**Given information:**
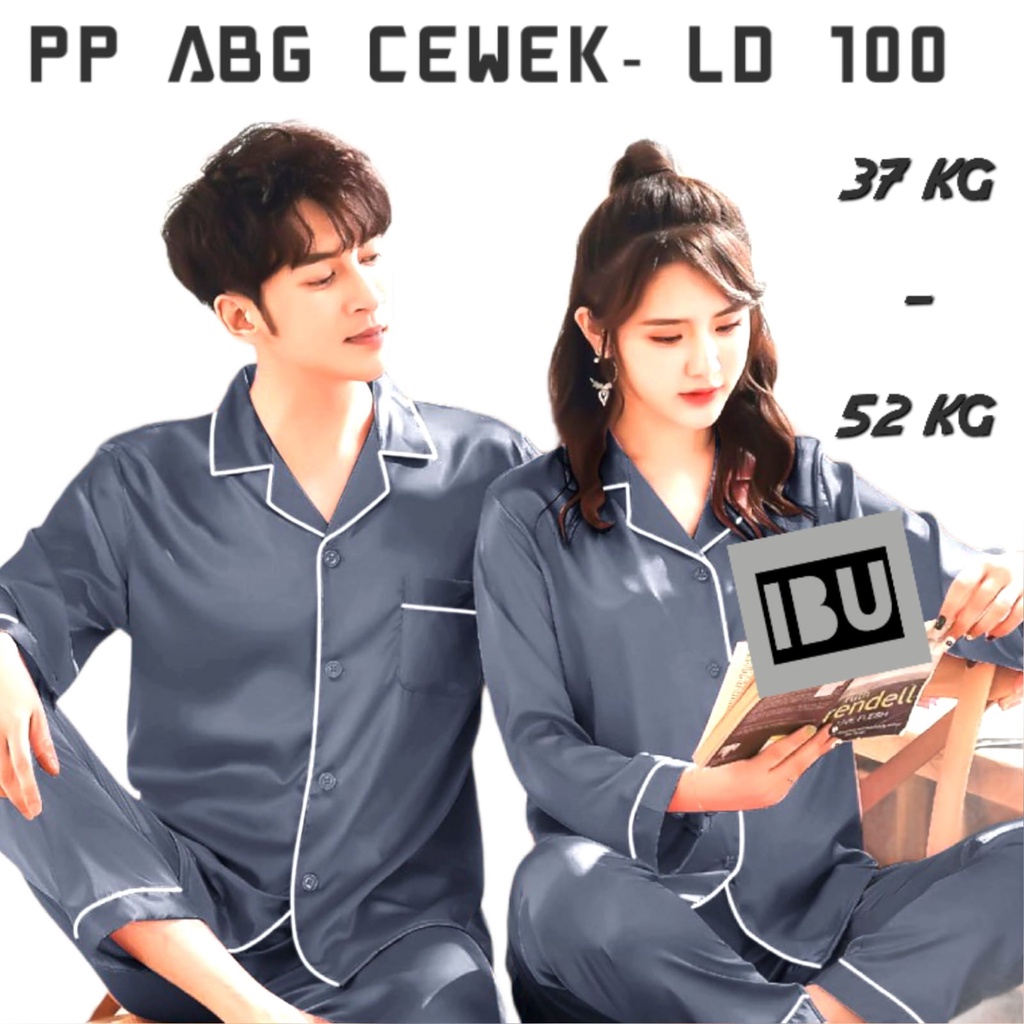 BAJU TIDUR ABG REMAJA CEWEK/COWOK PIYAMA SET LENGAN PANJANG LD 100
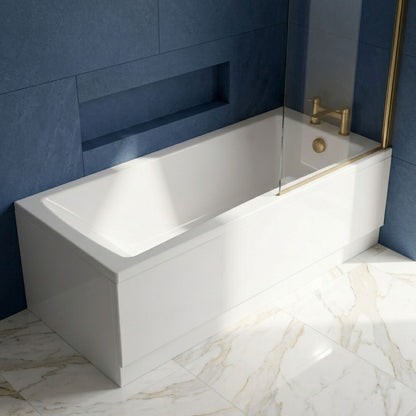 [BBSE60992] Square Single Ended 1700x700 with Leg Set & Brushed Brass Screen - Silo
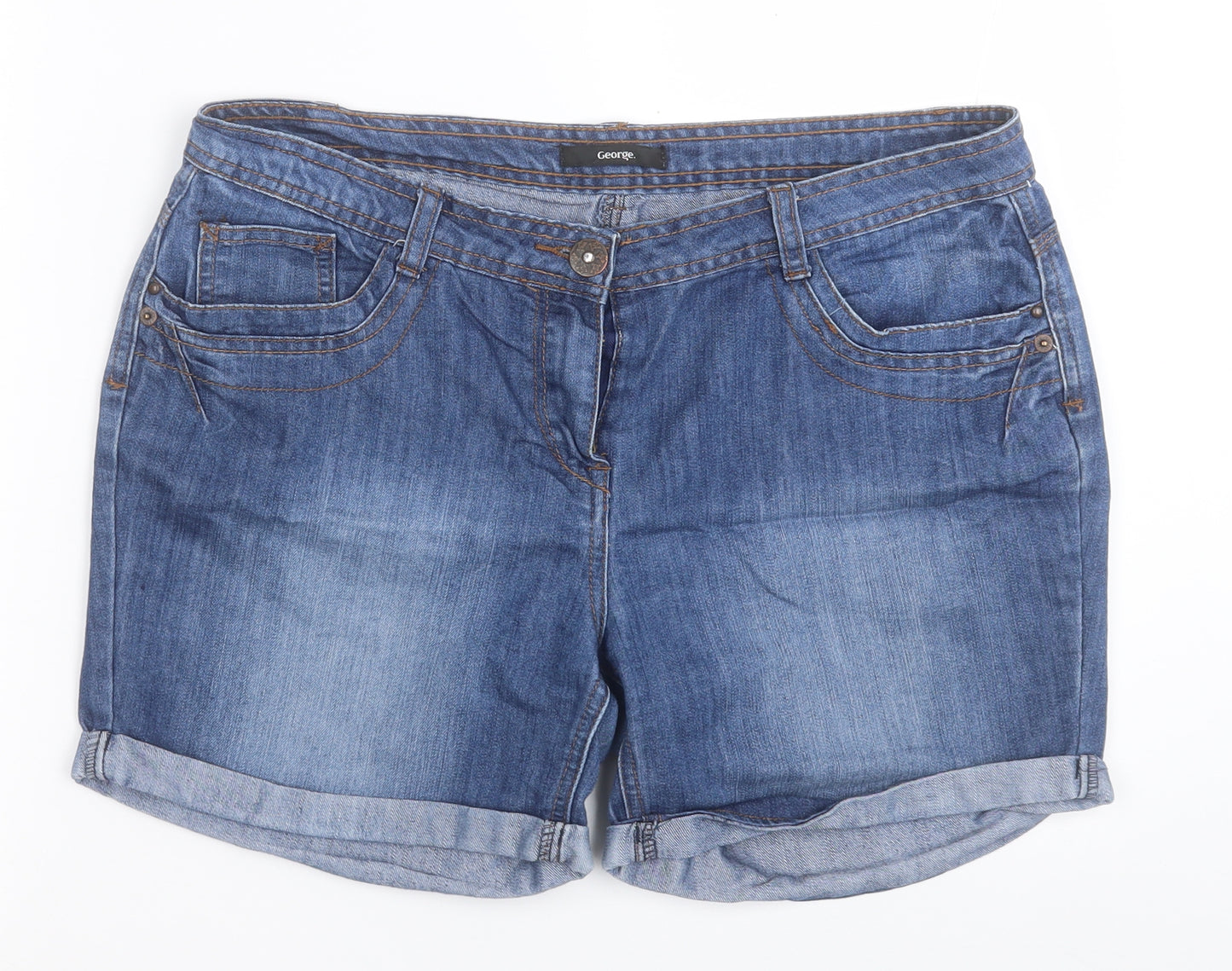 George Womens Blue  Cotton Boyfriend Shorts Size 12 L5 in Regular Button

**What is being asked:** Exactly those lines that run from the line holding "[BBSE60992] Square Single" to the end of the listing above, both included, are to be reproduced, with pictures left out.

**Solution to the problem:**
 [BBSE60992] Square Single Ended 1700x700 with Leg Set & Brushed Brass Screen - Silo
 George Womens Blue  Cotton Boyfriend Shorts Size 12 L5 in Regular Button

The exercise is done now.